Avouons-le: nous avons tous à l’occasion le vague à l’âme. Des journées où l’on manque d’énergie et où l’existence nous paraît monotone. On paresse en pyjama, on laisse la vaisselle en plan sur le comptoir et on est scotché du matin au soir devant l’ordi ou la télé. Toutefois, après quelques jours de ce régime, on se secoue les puces et on revient dans l’action. Mais c’est autre chose si les épisodes de laisser-aller s’éternisent…
Le laisser-aller lié à la dépression
Depuis quelques semaines, les proches de Carole ne la reconnaissent plus. Elle, si coquette, n’enfile que des vêtements de jogging et ne se maquille plus. Elle décline les invitations et ne range plus sa maison. «Je ne trouve plus rien de drôle, dit-elle. Les activités que j’aimais ne me disent plus rien. Je me sens vide.» Après consultation, le verdict est tombé: Carole fait une dépression.
Le laisser-aller est bel et bien un des symptômes de la dépression, tout comme la fatigue, les troubles du sommeil, la tristesse et l’anxiété. Mais il n’est pas exclusif aux gens dépressifs.
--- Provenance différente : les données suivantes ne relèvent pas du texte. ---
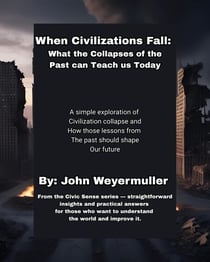 When Civilizations Fall:  What the Collapses of the Past Can Teach Us Today - Civic Sense Series, #3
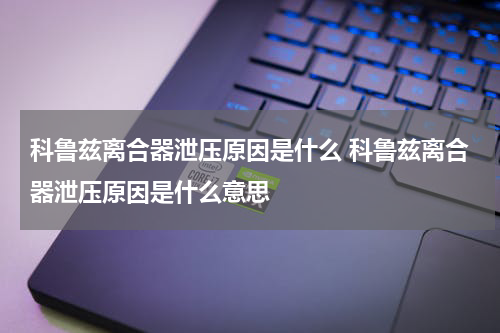 科鲁兹离合器泄压原因是什么 科鲁兹离合器泄压原因是什么意思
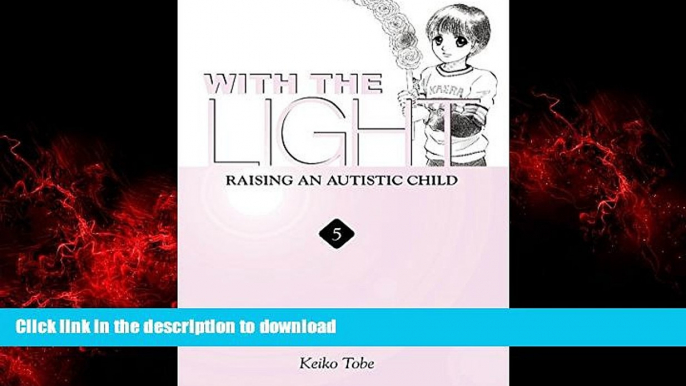 Best book  With the Light: Raising an Autistic Child, Vol. 5 online for ipad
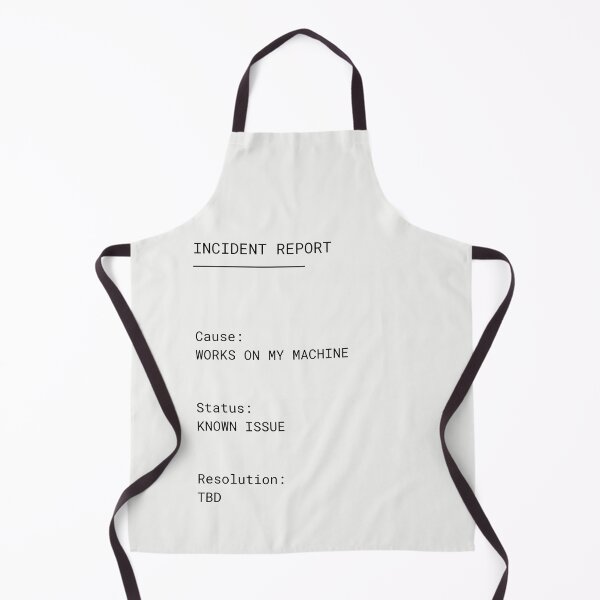 Item preview, Incident Report – Works on My Machine | Developer Humor designed and sold by PXEpic.
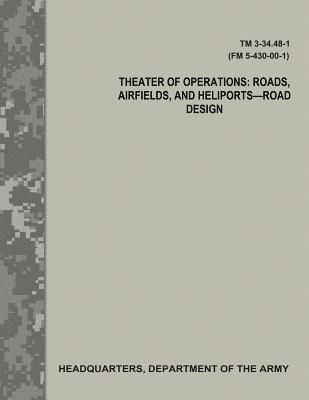 Theater of Operations: Roads, Airfields, and Heliports - Road Design (TM 3-34.48-1 / FM 5-430-00-1) 1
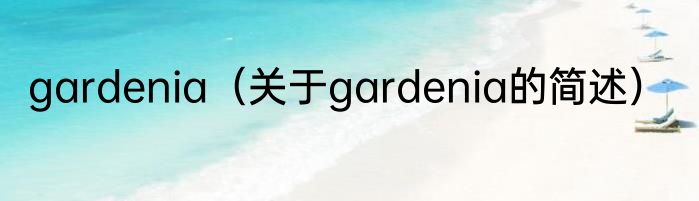 gardenia（关于gardenia的简述）
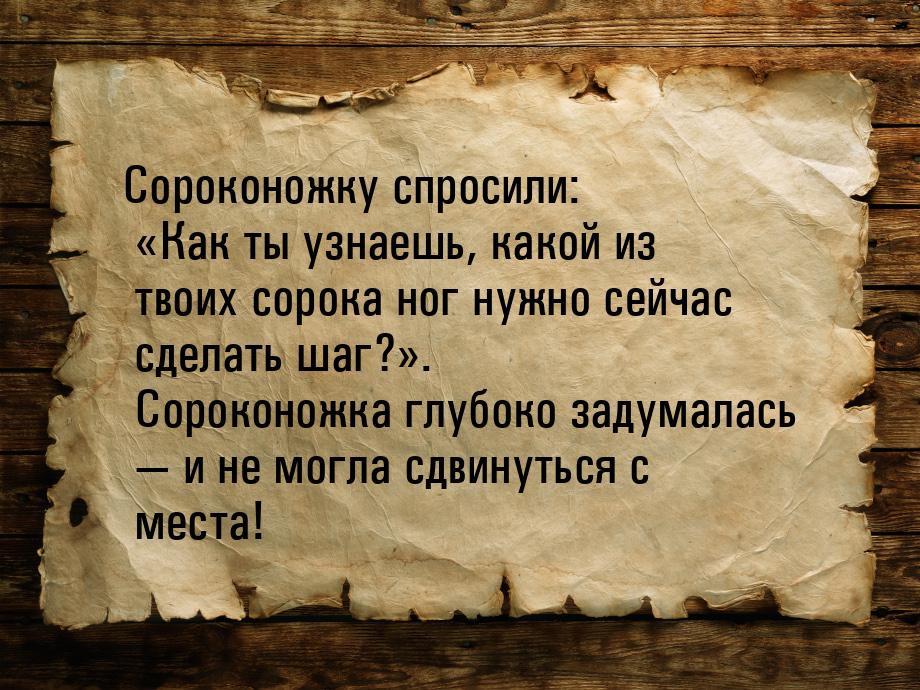 Сороконожку спросили: Как ты узнаешь, какой из твоих сорока ног нужно сейчас сделат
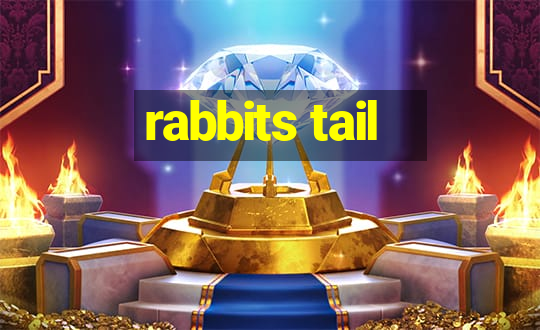 rabbits tail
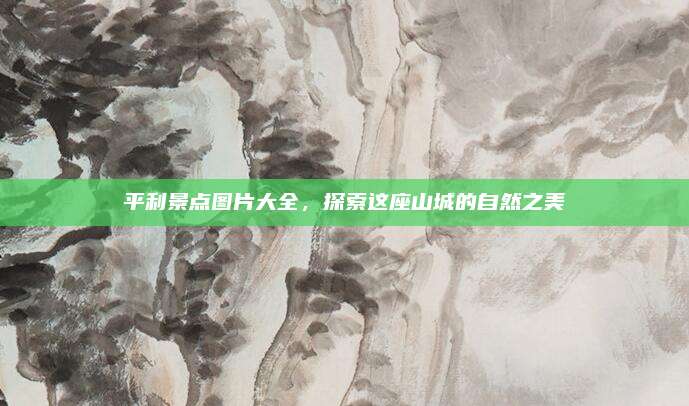 平利景点图片大全,探索这座山城的自然之美
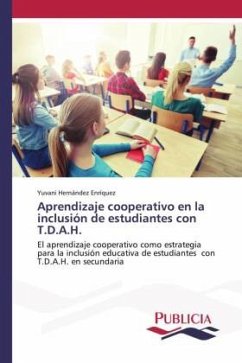 Aprendizaje cooperativo en la inclusión de estudiantes con T.D.A.H. - Hernández Enríquez, Yuvani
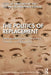 The Politics of Replacement: Demographic Fears, Conspiracy Theories, and Race Wars by Sarah Bracke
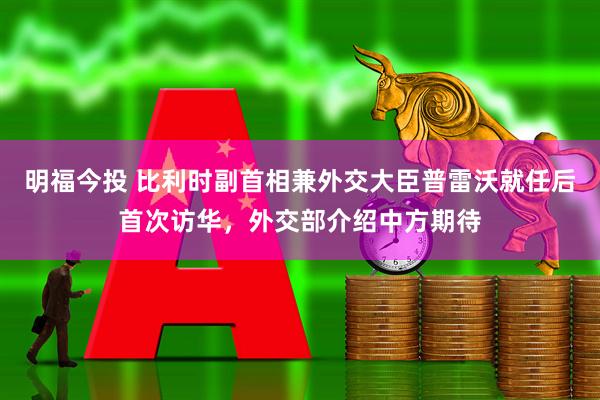 明福今投 比利时副首相兼外交大臣普雷沃就任后首次访华，外交部介绍中方期待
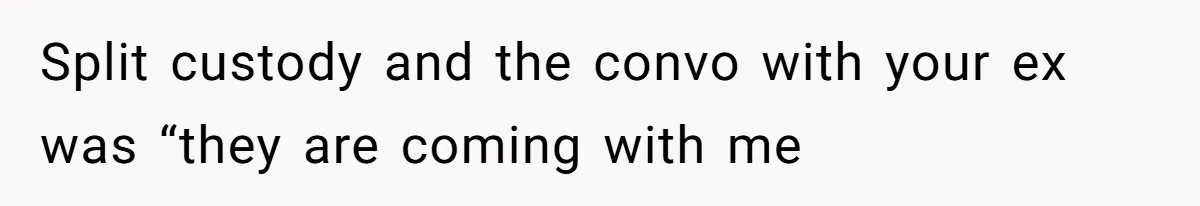 Split custody and the convo with your ex was “they are coming with me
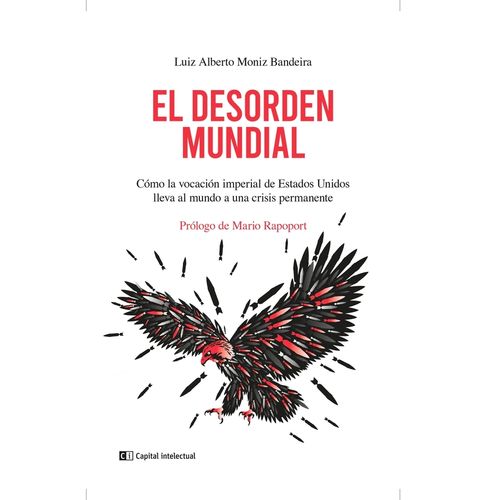 EL DESORDEN MUNDIAL - LUIZ ALBERTO MONIZ BANDEIRA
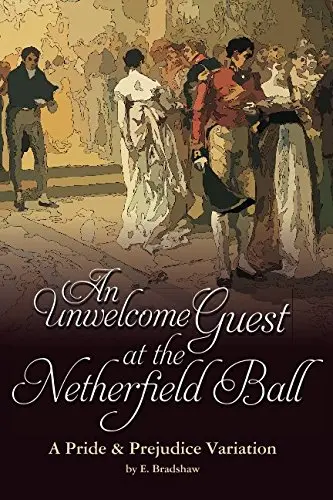 Cover of An Unwelcome Guest at the Netherfield Ball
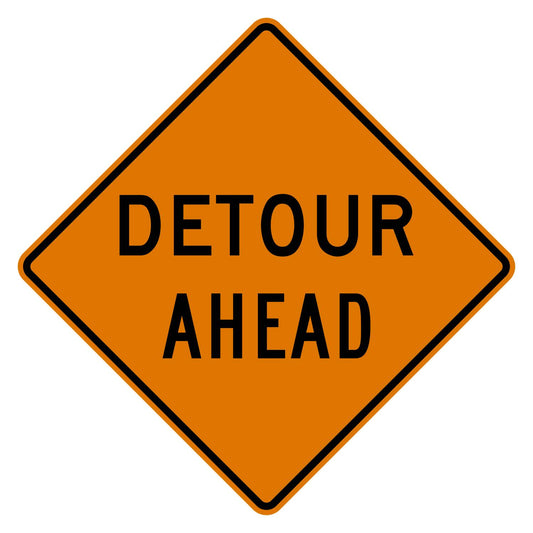 Orange diamond-shaped "DETOUR AHEAD" sign with black text and border, made from .080" aluminum.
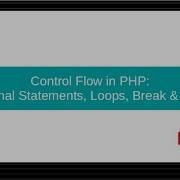 PHP Control Structures Tutorial Conditionals Loops Break Continue Web Programming Tutorial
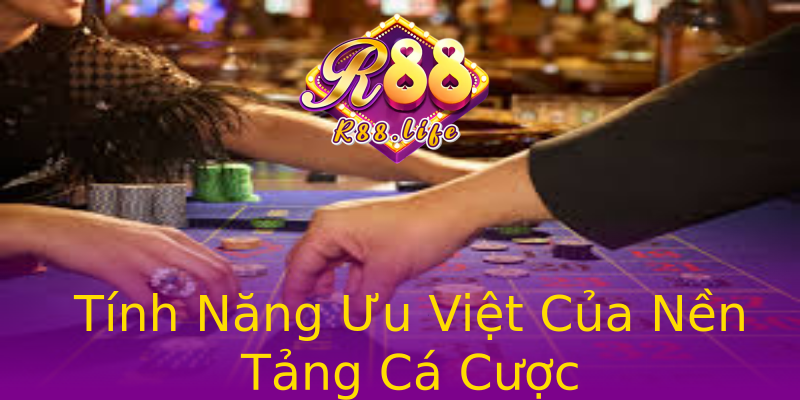 Tính Năng Ưu Việt Của Nền Tảng Cá Cược Tính Năng Ưu Việt Của Nền Tảng Cá Cược
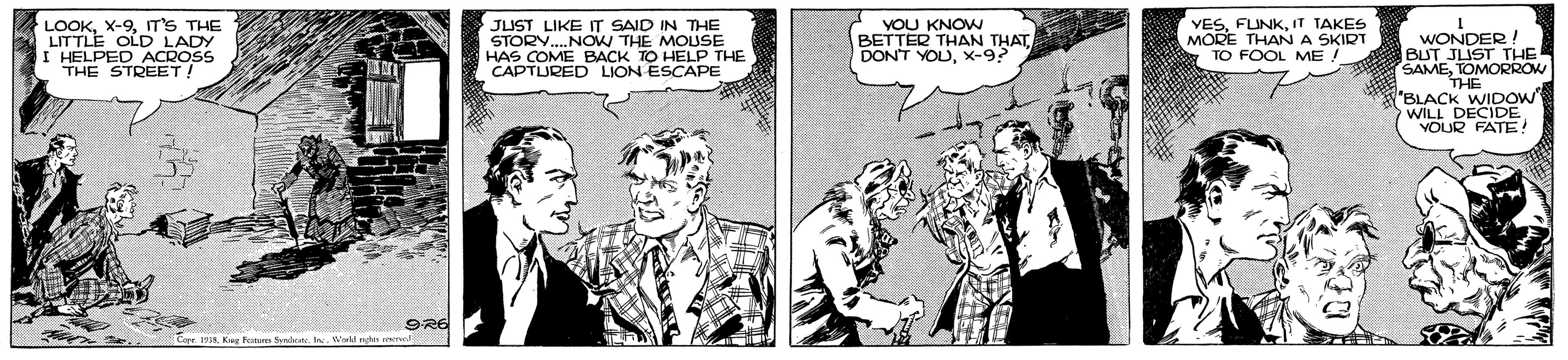 Comic book OCR: KNOW YOU BETTER THAN THAT LOOKIT's THE LITTLE OLD LADY I HELPED ACROSS THE STREET ! JUST LIKE IT SAID IN THE STORY.NOW THE MOUSE HAS COME BACK TO HELP THE CAPTURED LION ESCAPE VESIT TAKES MORE THANA SKIRT TO FOOL ME ! WONDER ! BUT JLIST THE SAMETOMORROW THE "BLACK WIDOW WILL DECIDE VOUR FATE! DON'T YOUx-9? 9R6 Suuty In. Wwld ndas KNOW YOU BETTER THAN THAT LOOKIT's THE LITTLE OLD LADY I HELPED ACROSS THE STREET ! JUST LIKE IT SAID IN THE STORY.NOW THE MOUSE HAS COME BACK TO HELP THE CAPTURED LION ESCAPE VESIT TAKES MORE THANA SKIRT TO FOOL ME ! WONDER ! BUT JLIST THE SAMETOMORROW THE "BLACK WIDOW WILL DECIDE VOUR FATE! DON'T YOUx-9? 9R6 Suuty In. Wwld ndas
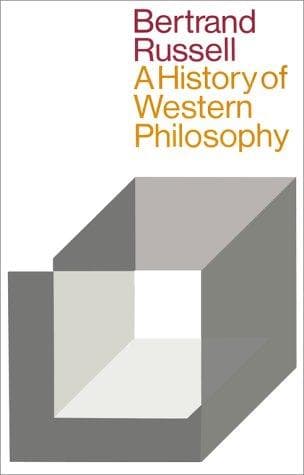 A History of Western Philosophy: And Its Connection with Political and Social Circumstances from the Earliest Times to the Present Day cover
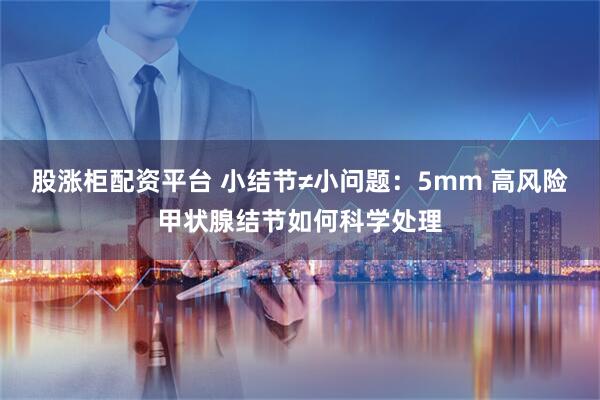 股涨柜配资平台 小结节≠小问题：5mm 高风险甲状腺结节如何科学处理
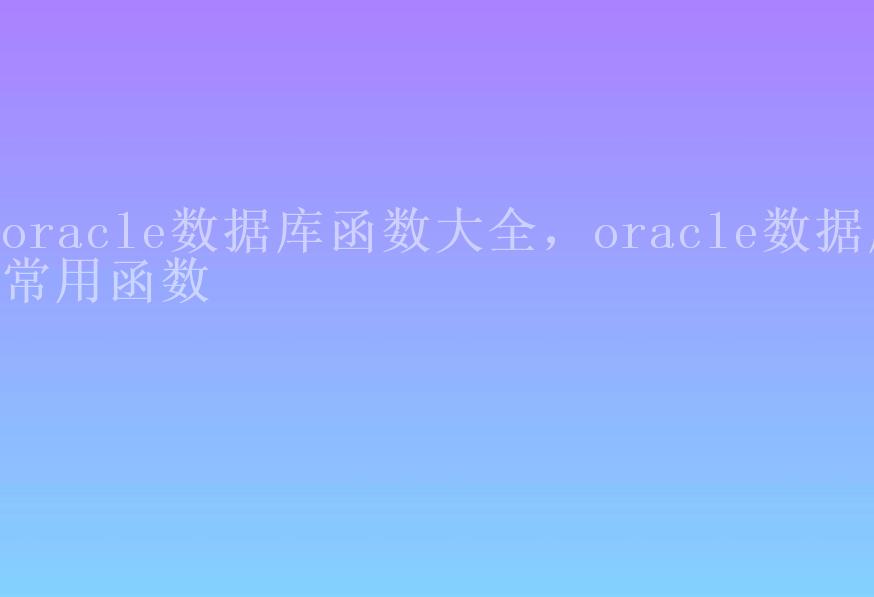 oracle数据库函数大全，oracle数据库常用函数1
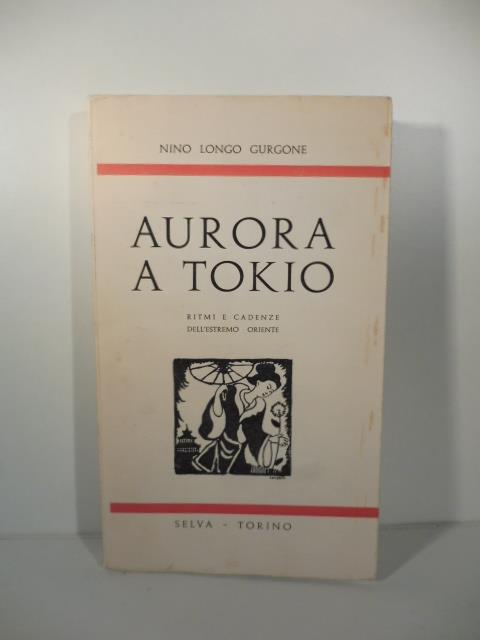 Aurora a Tokio. Ritmi e cadenze dall'estremo Oriente - Nino Longo Gurgone - copertina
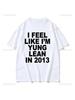 Ich fühle mich wie Yung Lean im Jahr 2013, T-Shirt mit Buchstabendruck für Herren Damen, Lässig, Hohe Qualität, Modische T-Shirts, 100% Baumwolle, Oversized Tees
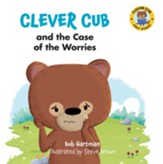 Clever Cub and the Case of the Worries - eBook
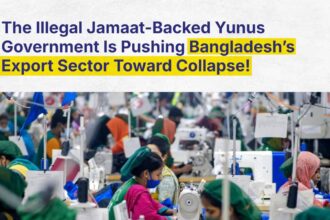 The Illegal Jamaat-Backed Yunus Government Is Pushing Bangladesh’s Export Sector Toward Collapse!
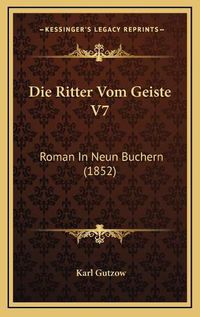 Cover image for Die Ritter Vom Geiste V7: Roman in Neun Buchern (1852)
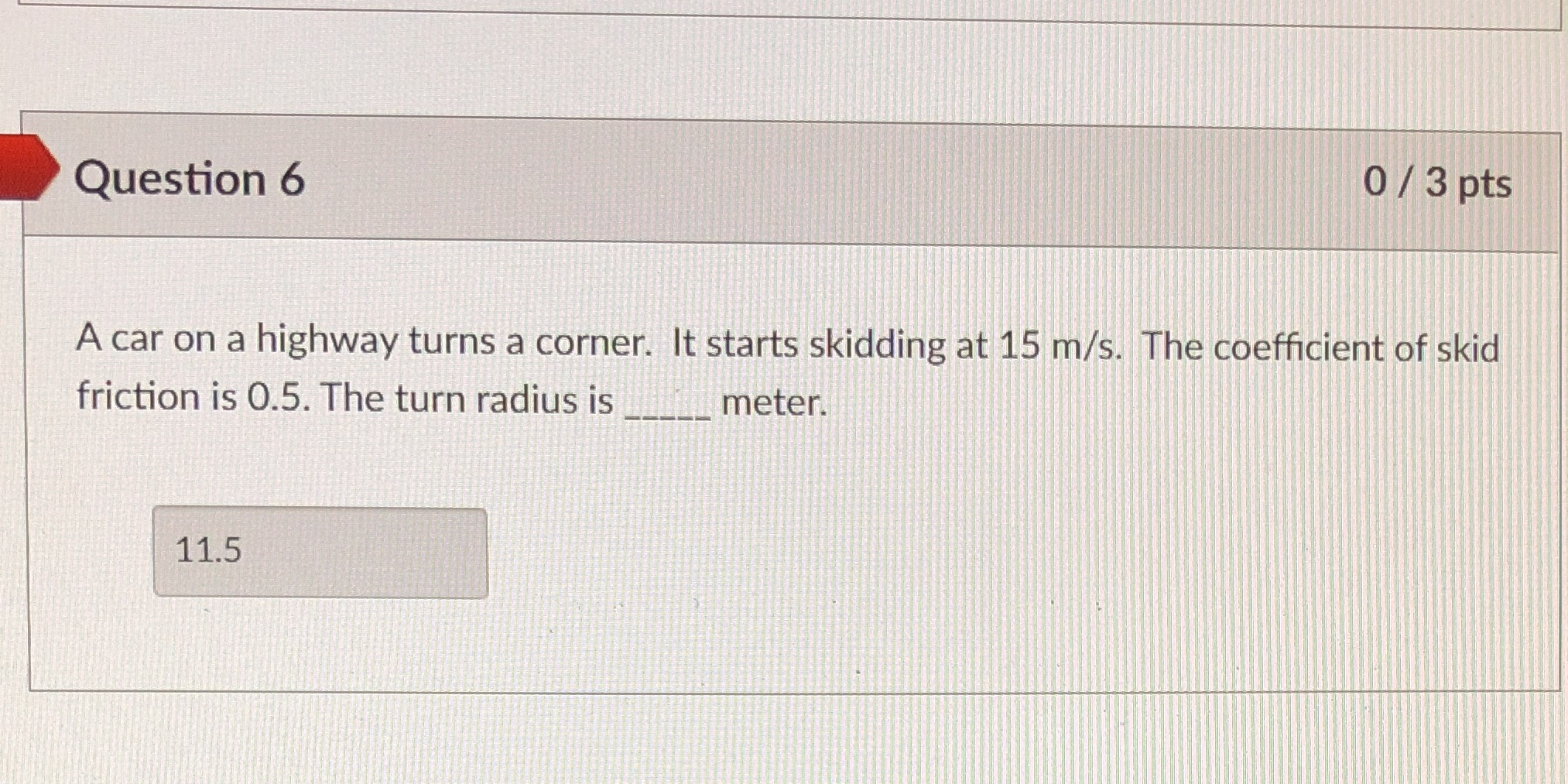 Question 6 0 / 3 pts A car on a highway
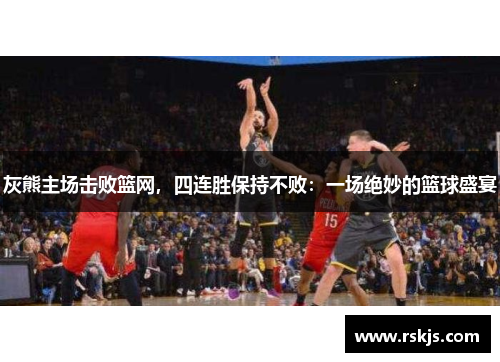 灰熊主场击败篮网，四连胜保持不败：一场绝妙的篮球盛宴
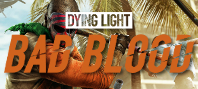 Dying Light: Bad Blood Founder's Pack
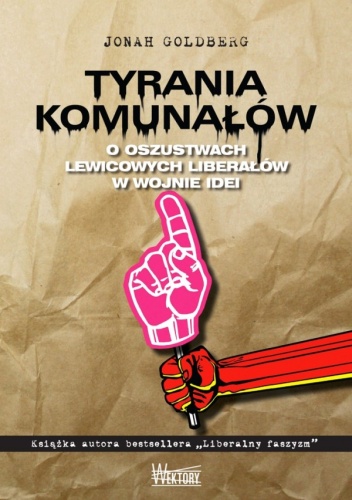 Okładka: Jonah Goldberg - Tyrania komunałów: o oszustwach lewicowych liberałów w wojnie idei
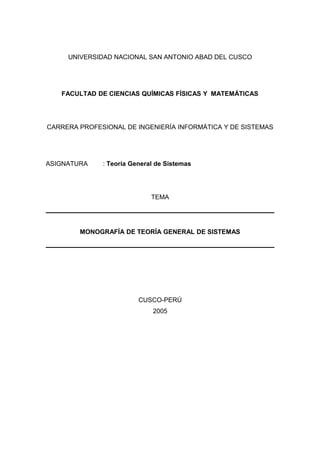 UNIVERSIDAD NACIONAL SAN ANTONIO ABAD DEL CUSCO
FACULTAD DE CIENCIAS QUÍMICAS FÍSICAS Y MATEMÁTICAS
CARRERA PROFESIONAL DE INGENIERÍA INFORMÁTICA Y DE SISTEMAS
ASIGNATURA : Teoría General de Sistemas
TEMA
MONOGRAFÍA DE TEORÍA GENERAL DE SISTEMAS
CUSCO-PERÚ
2005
Certaines personnes ne sont pas dépressives et affichent malgré tout un affligeant laisser-aller.
«Les gens commencent à se laisser aller souvent à la suite d’un événement marqué par une perte: décès d’un parent ou d’un proche, rupture amoureuse, conflit ou coupure de relation avec un parent, un enfant ou un ami, perte d’un emploi, perte financière, échec professionnel, etc., confirme Louise Fréchette, psychologue et psychothérapeute en analyse bioénergétique. Et ce type de perte peut effectivement entraîner un état dépressif passager ou majeur, selon les individus.
Le laisser-aller lié au désintéressement
Mais il arrive aussi que le laisser-aller naisse tout bonnement d’un désintérêt lié à des contextes de la vie quotidienne. Par exemple, certains individus se laissent aller parce qu’ils vivent seuls et pensent que, de ce fait, ça ne vaut pas la peine de prendre soin de leur environnement et d’eux-mêmes.»
D’autres encore vont se laisser aller au travail par désabusement ou démotivation. C’est le cas de Gilles. Comptable dans une grosse boîte, il fait le minimum et remet systématiquement au lendemain ce qui n’est pas urgent. Il s’investit peu dans les réunions d’équipe et arrive souvent en retard. «Je plafonne dans l’entreprise, avoue-t-il. Je sais que je n’aurai pas d’avancement, alors j’ai le sentiment de perdre mon temps. Je m’ennuie. Je travaille sur le pilote automatique.»
Selon le psychologue Raymond Patenaude, un emploi qui ne présente plus d’intérêt ou de défi à nos yeux, des conditions de travail difficiles et l’impression de ne pas être apprécié à sa juste valeur expliquent le plus souvent un comportement de laisser-aller au boulot.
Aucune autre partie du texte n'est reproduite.